DATA SHOWN START

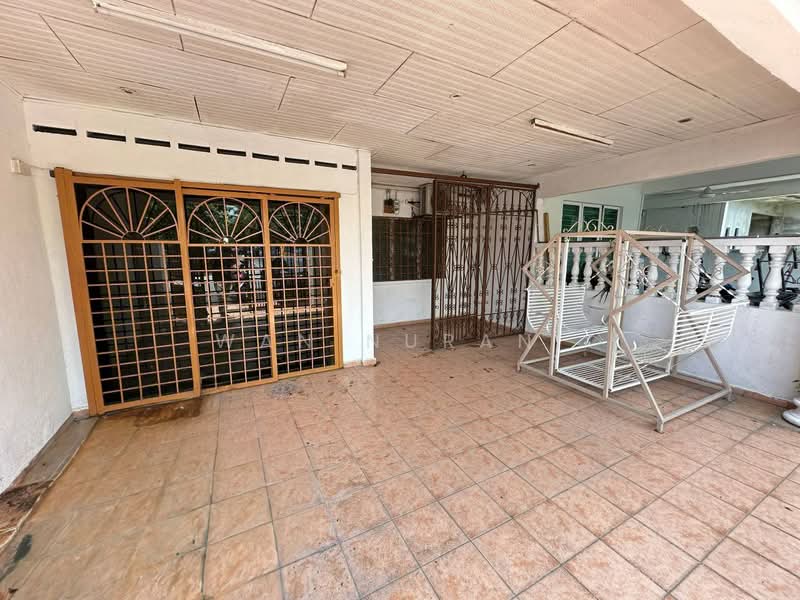 Rumah Teres 1 Tingkat untuk Dijual di Taman Kota Cheras (Cheras) - Wan Nurani - Exterior - PropertyGuru.com.my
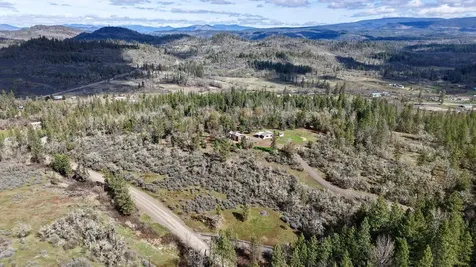 509 Derby Road Eagle Point OR 97524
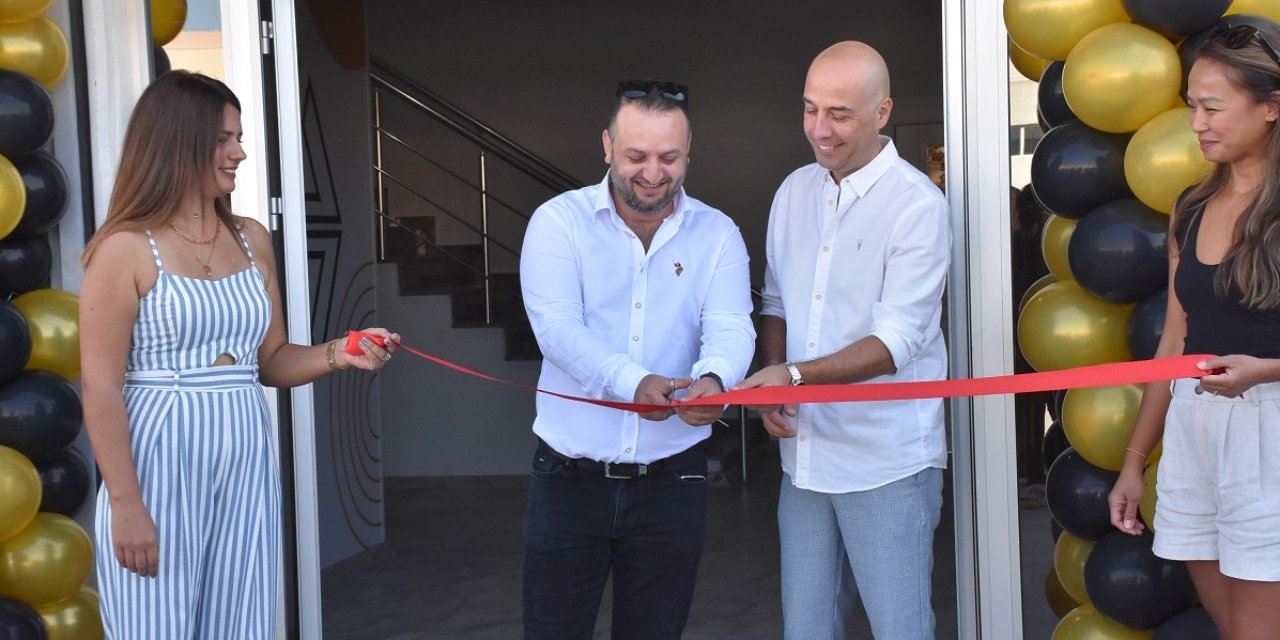 Yüzde 100 Yerli Üretim Yapan Metal Ve Mobilya Tesisi Hizmete Açıldı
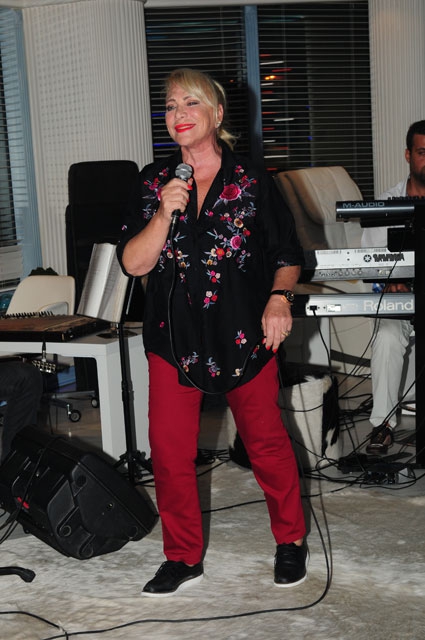 6 YAŞINDAKİ MÜZİSYENİN DOĞUM GÜNÜNE ÜNLÜ YAĞDI! 29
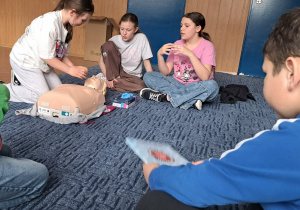 Uczniowie klasy 3b podczas zajęć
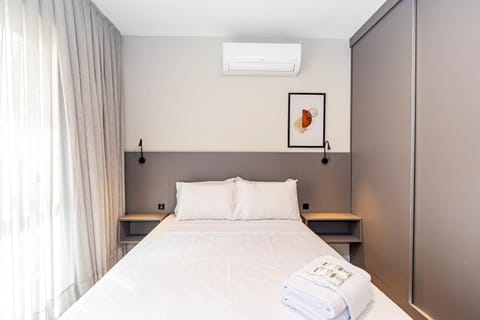 Bed, Photo of the whole room, Bedroom, towels, air conditioner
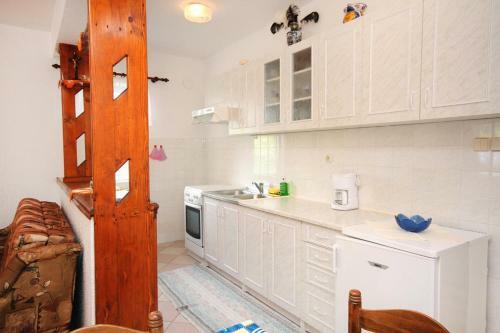 Apartments With A Parking Space Kampor (rab) - 5029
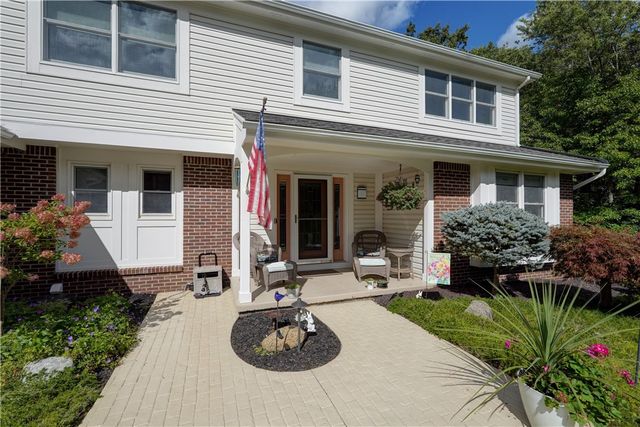 490 Bluhm Road, Perinton, NY 14450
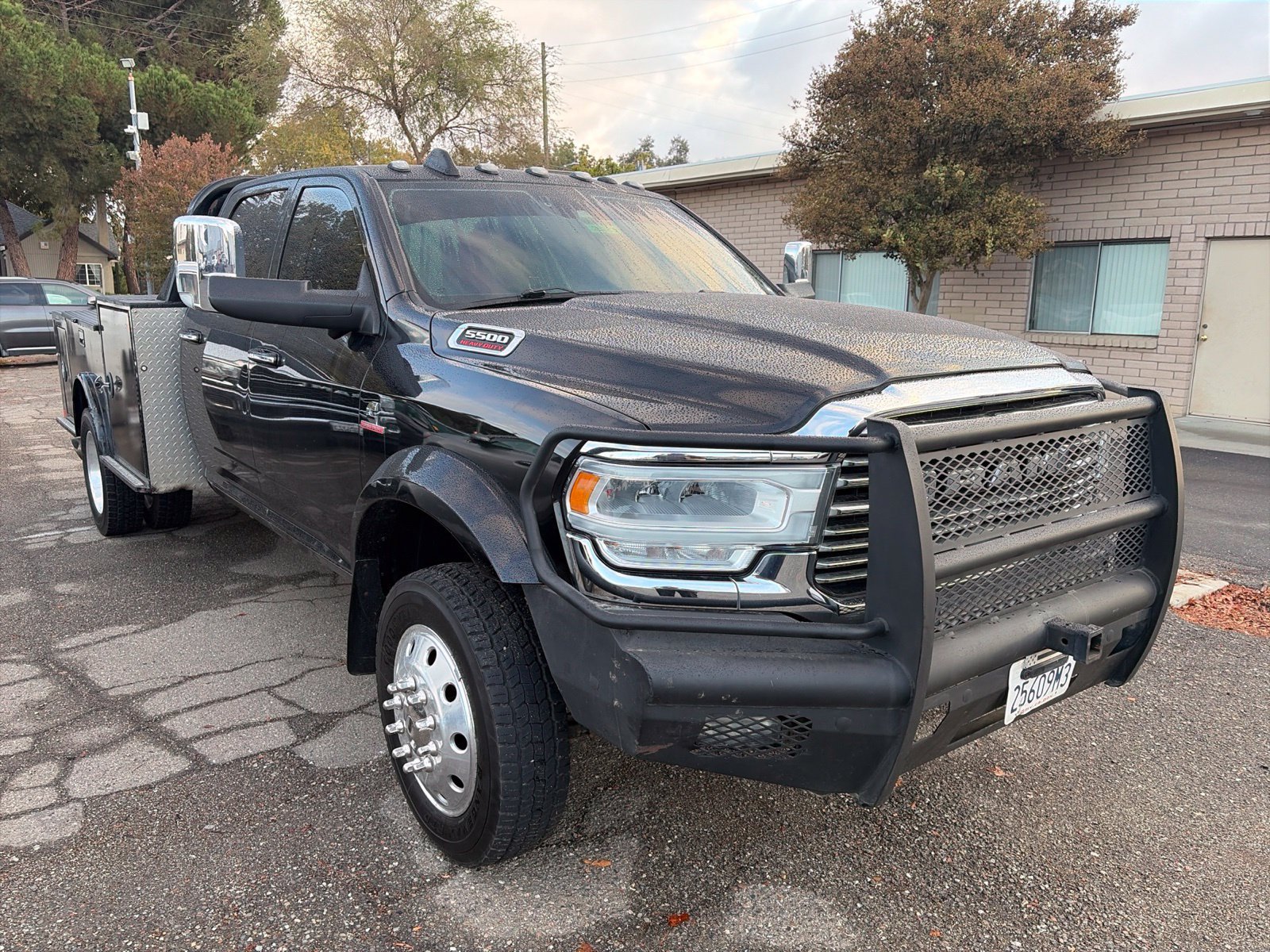 Used 2022 RAM 5500 Laramie AWD/4WD image 4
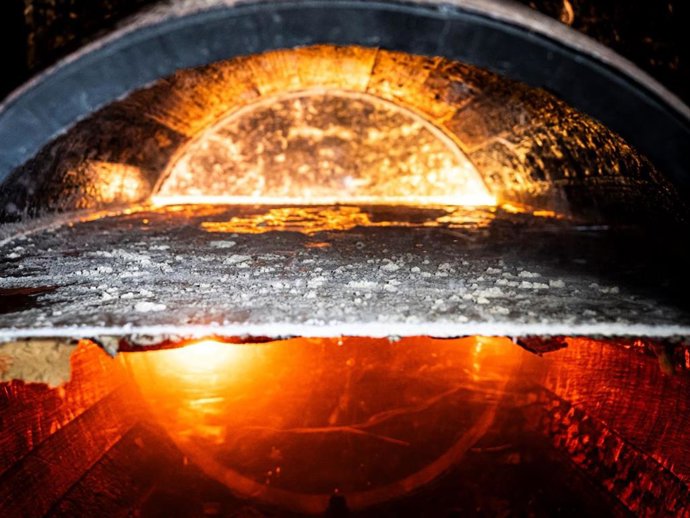 Una barrica de ensayos del Grupo Operativo Innofino para la adaptación del vino fino tradicional andaluz a las tendencias del mercado.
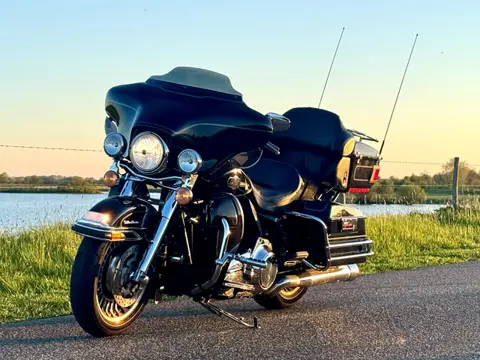 Harley Davidson Tour Harley-Davidson Ultra Classic 96CI | Eerlijk verhaal | Lage mijlen | ABS + STAG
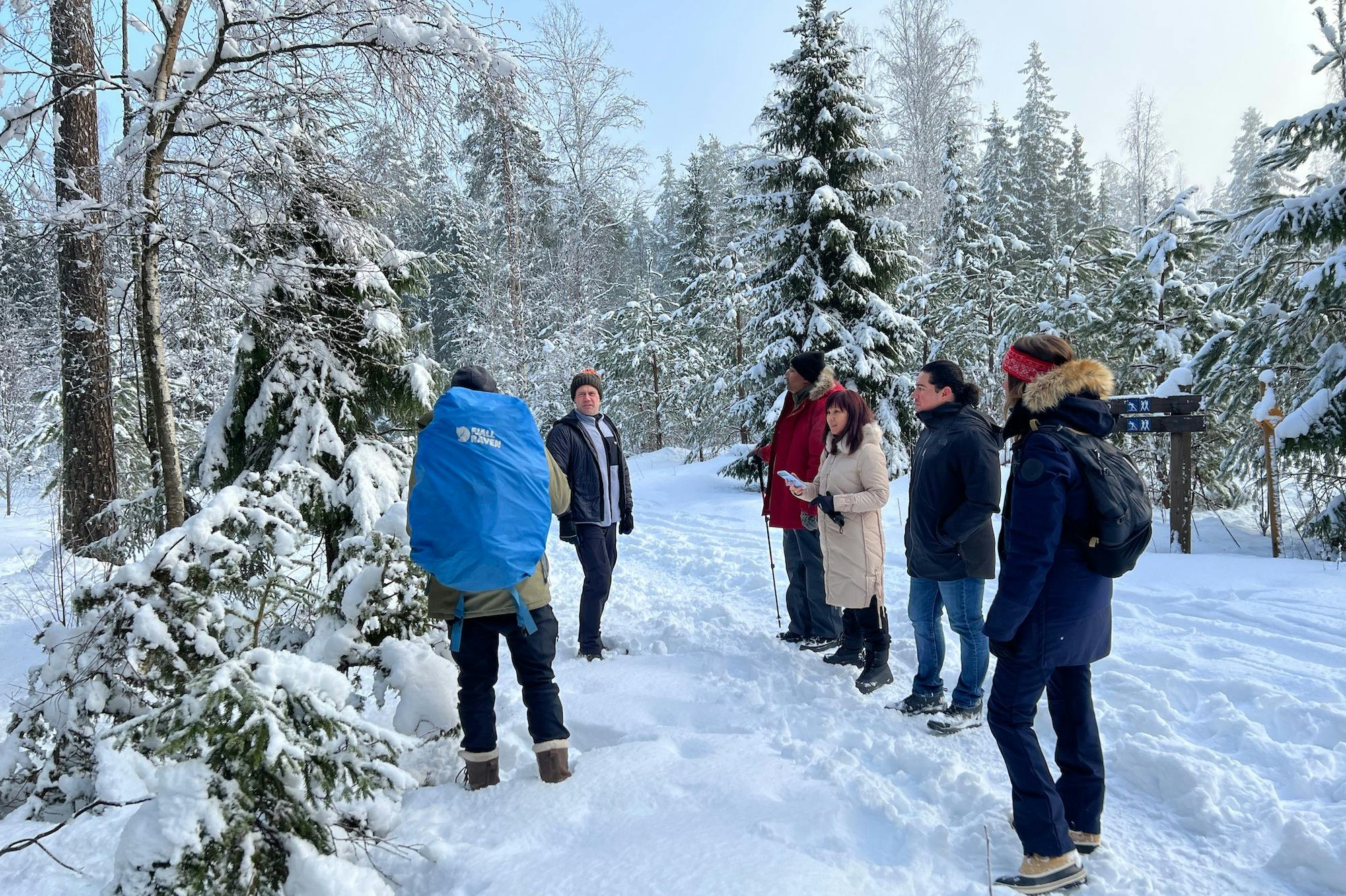 Group listeting the guide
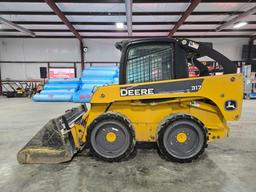 John Deere 317 Skid Steer Loader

DATA SHOWN END

**YOUR TASK**
Please copy the preceding records exactly and omit the images.

**RESULT BELOW**
 Rumah Teres 1 Tingkat untuk Dijual di Taman Kota Cheras (Cheras) - Wan Nurani - Exterior - PropertyGuru.com.my
 509 Derby Road Eagle Point OR 97524
 Yüzde 100 Yerli Üretim Yapan Metal Ve Mobilya Tesisi Hizmete Açıldı
 6 YAŞINDAKİ MÜZİSYENİN DOĞUM GÜNÜNE ÜNLÜ YAĞDI! 29
 Uczniowie klasy 3b podczas zajęć
 Bed, Photo of the whole room, Bedroom, towels, air conditioner
 Apartments With A Parking Space Kampor (rab) - 5029
 490 Bluhm Road, Perinton, NY 14450
 Used 2022 RAM 5500 Laramie AWD/4WD image 4
 Una barrica de ensayos del Grupo Operativo Innofino para la adaptación del vino fino tradicional andaluz a las tendencias del mercado.
 Harley Davidson Tour Harley-Davidson Ultra Classic 96CI | Eerlijk verhaal | Lage mijlen | ABS + STAG
 Group listeting the guide
 John Deere 317 Skid Steer Loader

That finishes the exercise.